(Green Car Reports) — California drivers have now bought a cumulative one million plug-in vehicles, according to data recently posted by the California Energy Commission.
But it’s not quite a million yet if you’re thinking of vehicles without fuel tanks and tailpipes. The running total of 1.054 million vehicles includes 379,000 plug-in hybrids that may be used in their electric modes to varying degrees, as well as nearly 12,000 fuel-cell vehicles.
As such, Californians had bought a cumulative 663,014 battery electric vehicles through the end of 2021—including 183,933 sales during the year.
EV sales in CA and the U.S. – Veloz (EV here means BEV+PHEV+FCEV)
For 2021, that puts battery electric vehicles plus plug-in hybrids at a 12.4% market share in California.

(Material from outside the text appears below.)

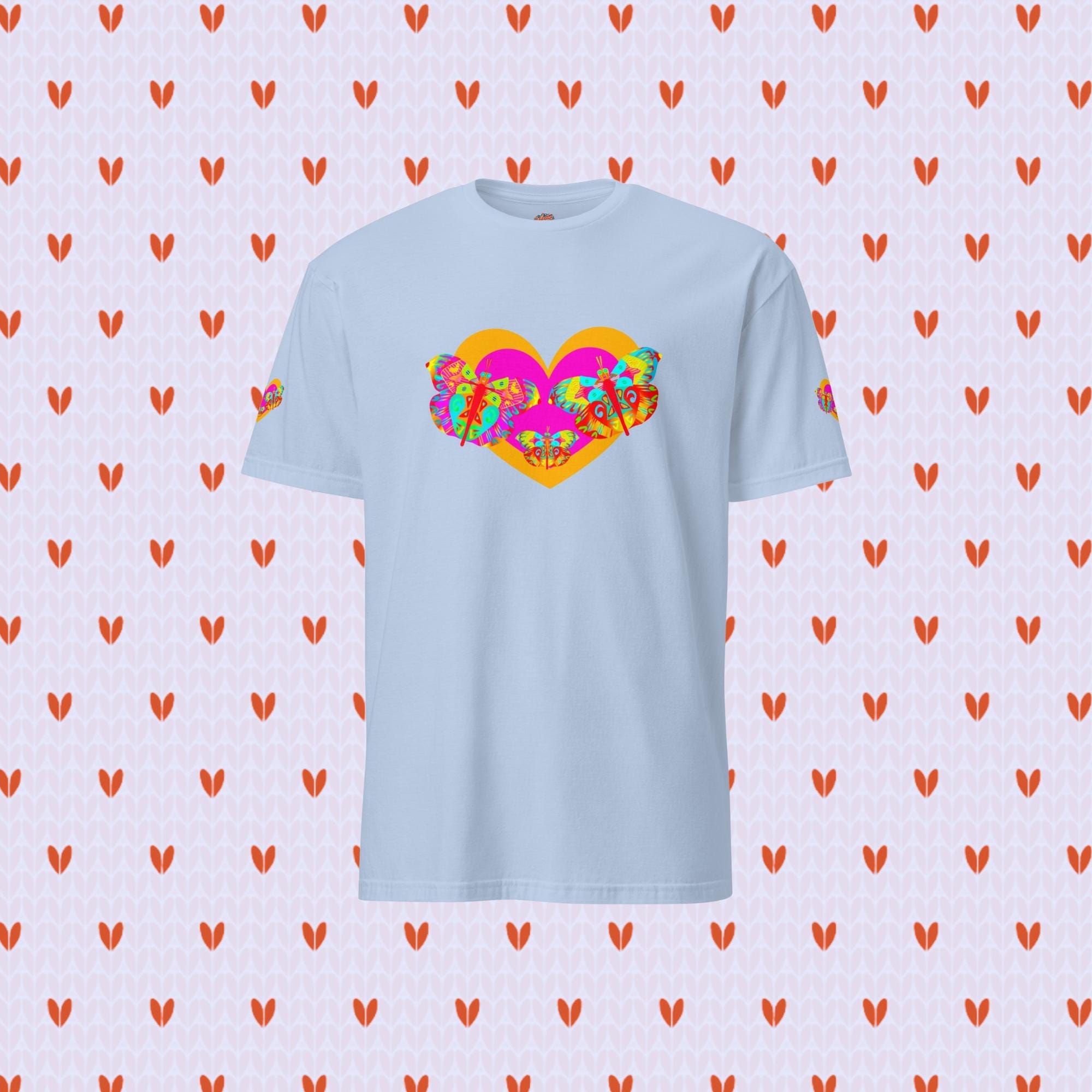 Vibrant Apparel New Zealand Valentine Butterfly Heart Tee, Colorful Love Graphic Shirt for Women & Men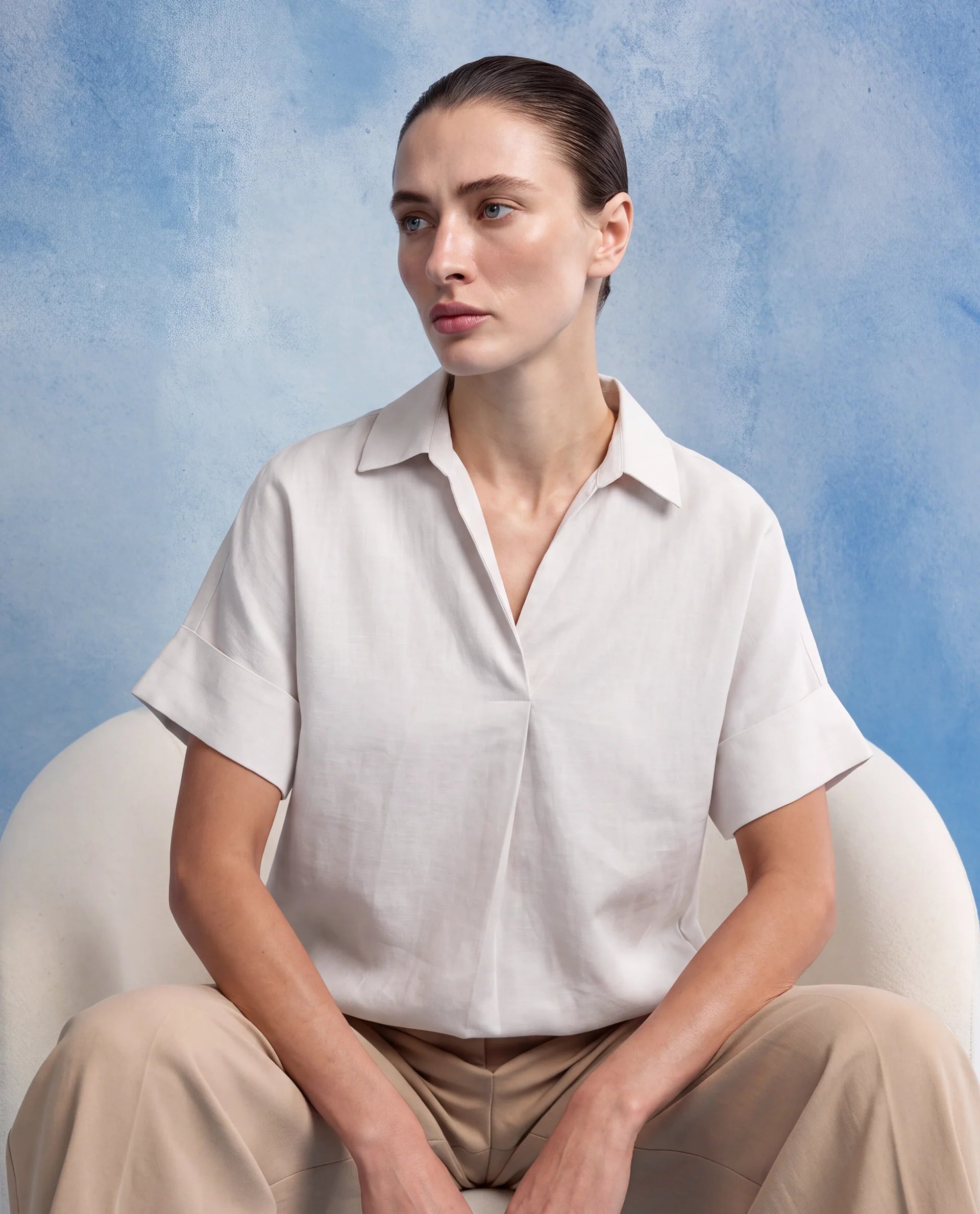 Rareism Women's Kasa Beige Linen Blend Johnny Collar Regular Plain Top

And the sustained rise in market share through 2020 and 2021 is even steeper than market-share gains from 2017 to 2018 when the popular Tesla Model 3 arrived en masse.
That correlates with data from the California New Car Dealers Association released earlier this month, showing that Tesla surged to a 10.5% market share in California in the fourth quarter of the year and managed a 6.5% market share for all of 2021 in the state.

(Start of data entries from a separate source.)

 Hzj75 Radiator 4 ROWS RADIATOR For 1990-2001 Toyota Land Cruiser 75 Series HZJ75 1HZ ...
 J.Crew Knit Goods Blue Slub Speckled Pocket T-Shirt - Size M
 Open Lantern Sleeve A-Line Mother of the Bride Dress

California figured out exactly who that millionth owner was, and conveniently it was not the buyer of a plug-in hybrid. “Michael from Stockton” bought a Volkswagen ID.4, stacking rebates and tax credits to more than a $20,000 discount versus the electric SUV’s sticker price, according to a video from Gov. Gavin Newsom’s office .

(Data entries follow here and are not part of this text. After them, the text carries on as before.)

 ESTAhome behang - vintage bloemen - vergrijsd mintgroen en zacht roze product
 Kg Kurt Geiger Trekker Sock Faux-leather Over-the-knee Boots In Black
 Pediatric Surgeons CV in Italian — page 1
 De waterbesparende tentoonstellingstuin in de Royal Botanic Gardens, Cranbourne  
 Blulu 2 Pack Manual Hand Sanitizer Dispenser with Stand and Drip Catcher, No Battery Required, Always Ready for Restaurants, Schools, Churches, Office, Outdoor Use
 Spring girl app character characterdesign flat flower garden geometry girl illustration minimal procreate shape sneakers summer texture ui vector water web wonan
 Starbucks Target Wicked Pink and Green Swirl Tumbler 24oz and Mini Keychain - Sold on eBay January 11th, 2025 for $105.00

Veloz, however, suggests that there’s a lot of work to be done. It points to an International Energy Agency report from earlier in the year, noting that global EV market share jumped from 4.11% in 2020 to 8.57% in 2021—and effectively California hasn’t kept up with growth in Europe, where EV sales used to trail the state but now exceed 20%.
As of the end of 2021, cumulative U.S. plug-in vehicle sales were nearing 2.5 million—a figure that has likely been surpassed by now. In California and the U.S., the tally essentially started in late 2010 with the delivery of the first two mass-market plug-in vehicles, the Nissan Leaf and Chevrolet Volt.